For 15 years the I.L.P. in this country have been proclaiming that Queensland was an illustration of “Socialism in Practice.” If that were true we should be faced with the fact that the Queensland workers had tried Socialism and rejected it and, needless to say, this has been gleefully exploited by the Conservatives and Liberals. The truth is that at no time has there been any attempt made to replace Capitalism by Socialism in Queensland or any other Australian State. Capitalism is and always has been the system of society operating there. The Socialist Party all through these years has constantly warned the workers that the Queensland experiment would bring no material change in the position of the working-class there, and would fail to solve any of the various problems arising out of Capitalism. By pretending otherwise, the I.L.P. has been deceiving the workers and misrepresenting Socialism.

 

One outstanding event which illustrates the impossibility of administering Capitalism for the benefit of the workers was the 1927 railway lock-out. The State railway workers decided to assist striking sugar workers by refusing to handle “blackleg” goods. The Labour Premier, faced with the necessity of safeguarding the operation of Capitalist industry, locked out 11,000 railwaymen in just the same manner as has been done by non-Labour Governments. Whatever their sympathies, a Government, any Government, which undertakes to administer Capitalism, has no choice but to use the powers of the State in defence of Capitalist interests when these are threatened by striking workers.

 

Failing to solve the problems which are insoluble within Capitalism and having no mandate to establish Socialism the Queensland Labour Government, like Labour Governments here or elsewhere in the same position, was foredoomed to failure.

 

The circumstances under which the Queensland Government entered office were clearly explained by Labour Premier Theodore.

 

Writing in the “Labour Magazine” (London, September, 1923), he expressed himself as follows :-

 

  The Labour Party in Queensland found itself called on to administer a capitalistic state of society, and without any direct mandate or authority to overturn the existing order or to undertake a drastic reconstruction.

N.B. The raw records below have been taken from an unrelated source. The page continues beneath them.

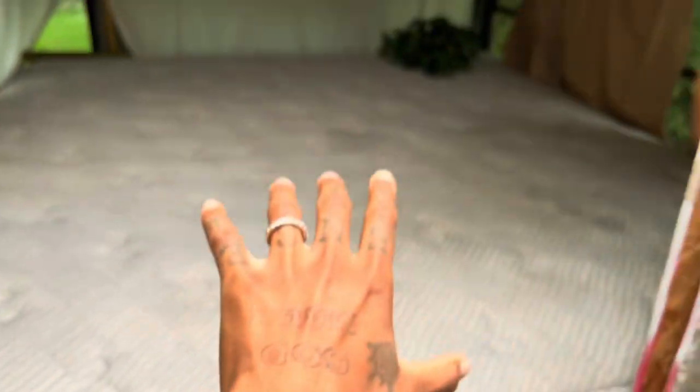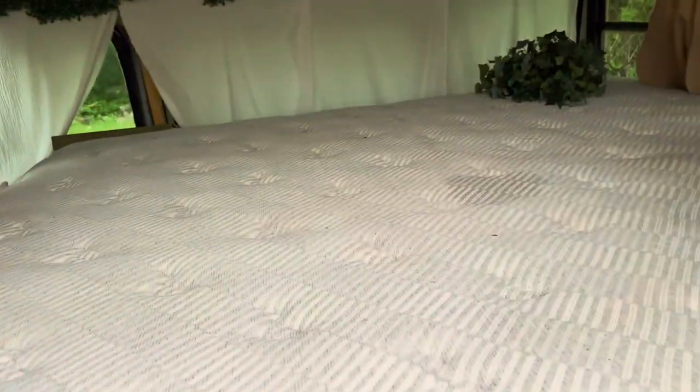First things first, believe it or not — whoever gets this bus can literally have the king size mattress. I'll clean it for you, don't worry about it. This is a king size mattress and I built a king size bed frame for it — very sturdy. I jumped on it a couple of times. It took 10 people to get this bed in this bus, so you might not want to take it out anyway unless you've got some help. But you can keep the bed — let me know if you want to buy it.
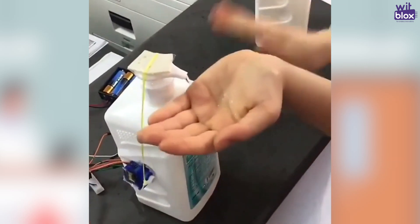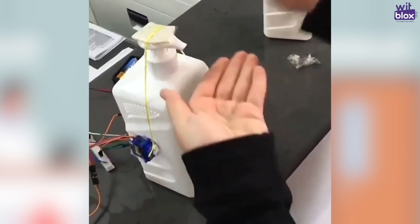Hey WitBlox makers! Welcome to the WitBlox SafeHand Challenge. A few days ago someone shared a video of this amazing touchless sanitizer. We thought, why not build one using WitBlox? So here it is.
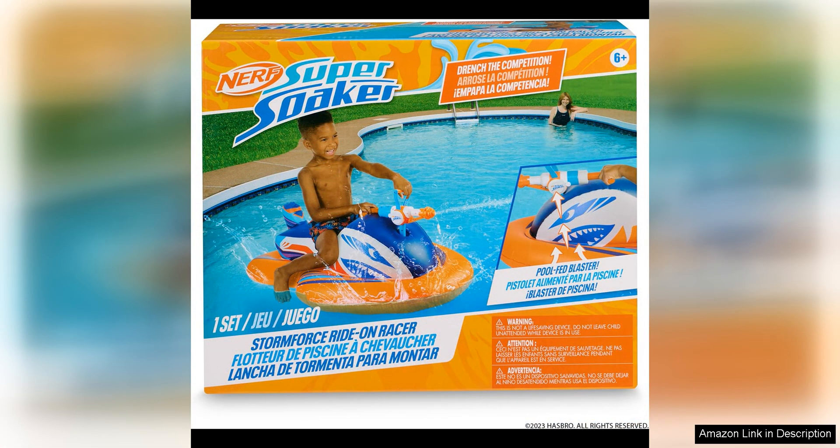Overall, the Nerf Super Soaker Stormforce Ride-On Racer is a must-have for anyone looking to add some excitement to their pool activities. Whether you're lounging in the sun or engaging in epic water battles, this inflatable pool float is sure to provide hours of fun for users of all ages, with its durable construction, pool-fed water blaster, and comfortable design. The Ride-On Racer is a top choice for a summer accessory that will keep you entertained all season long.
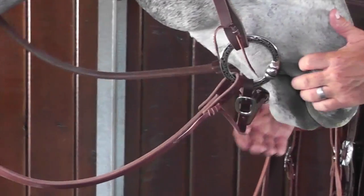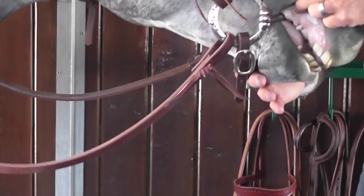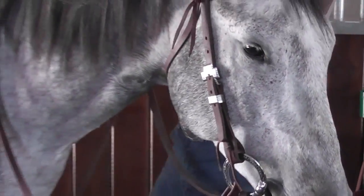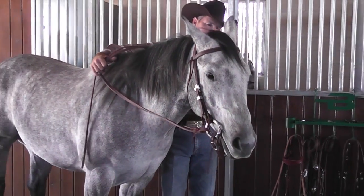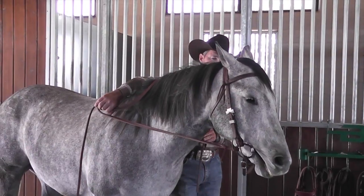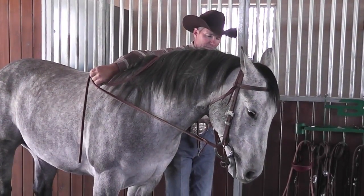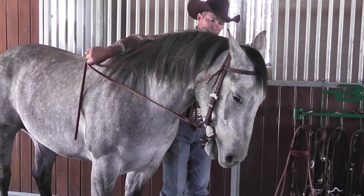The other pressure point we have in a snaffle, or any bit for that matter, is across the surface of the tongue. So when both reins are pulled on equally, the first thing that comes into contact is the tongue. Then as you increase the amount of pull, the bars of the mouthpiece make contact with the bars of the horse's mouth.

Incidentally, this fiasco proves the fallacy of one foolish, if not dishonest, I.L.P. and Communist argument. Members of the I.L.P. who were somewhat critical of the Labour Government, and Communists who frankly condemned it, united in voting for it on the specious plea that after expenencing the failure of the Labour Party, the workers would be ready to “go further.”

 

In “Queensland,” the successful party now is the National Country Party, which is frankly Capitalist. The Communists have not got the support which they believed would come to them when Labour failed. What these dishonest supporters of the Labour Party always forget is, that you cannot win Conservative working-men over to voting Labour by telling them, that the Labour Party is no good. Communists who tell the workers to vote Labour are, therefore, compelled, if they wish to be effective, to hide their real views and tell the voters that the Labour Party is worth their votes. When the Labour Party proves its inability to solve working-class problems, its Communist supporters are carried down with it, and the disappointed workers vote Conservative “for a change,” or stay away from the polls.